There are plenty of other stories that I enjoyed that I wish I could just talk endlessly about. Instead of diving into them, I just want to give quick little shoutouts and why I loved it. “The Lady of the Yellow Painted Library” by Tobi Ogundiran was a lovely horror story about a traveling salesman running from an overdue library fee. “Cloud Mine” by Timi Odueso is a haunting tale about harvesting water. “The Papermakers” by Akua Lezli Hope is a small but stunning tale about magic and resistance. “Hanfo Driver” by Ada Nnadi is just a cute story that really captures the frustration of dealing with a doting family member with crazy ideas. Honestly, I could just keep listing them and this review would be just a replication of the list of stories included in the collection. But I’ll spare you and just say, please go pick this up and find the ones that speak to you.

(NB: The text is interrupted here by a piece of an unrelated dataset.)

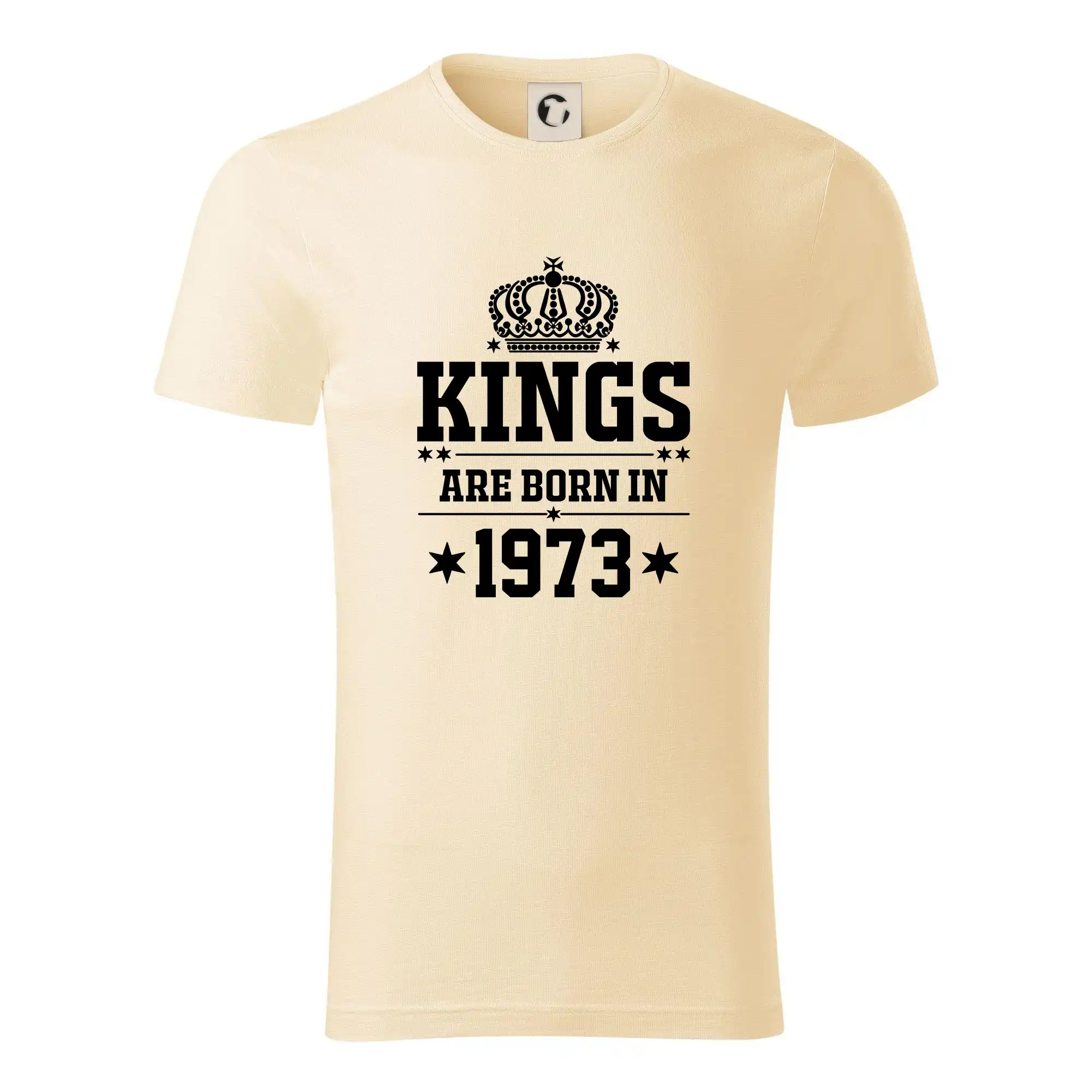 Trička s ročníkom 1973 - Kings are born in 1973 - Tričko z organickej bavlny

It’s impossible to overstate how much this collection affected my understanding of both fantasy and science fiction. I often try to expand my taste and exposure, but sometimes you just need a tome to come crashing in through your window to remind you of the wide world of fiction just waiting to be read. I’ be hard pressed to say I learned a lot about the myriad cultures and religions that are on display here, but I did gain an appreciation for the relationships these writers have with them. It makes me want to know more about the ideas, history and themes that they are engaging with that are more central to their cultural experiences. Technology, which feels blurred together with magic, just hits differently in these stories, as do the gods and monsters. Obviously, this is not a best-of collection, but it’s an amazing showcase of talent that will expose you to so much more than chasing the next hot novel ever will. It does what short stories are meant to do, and I will gladly read more collections like this one.
Rating: Africa Risen – High and Mighty/10
An ARC of this book was provided to me by the publisher in exchange for an honest review. The thoughts on this book are my own.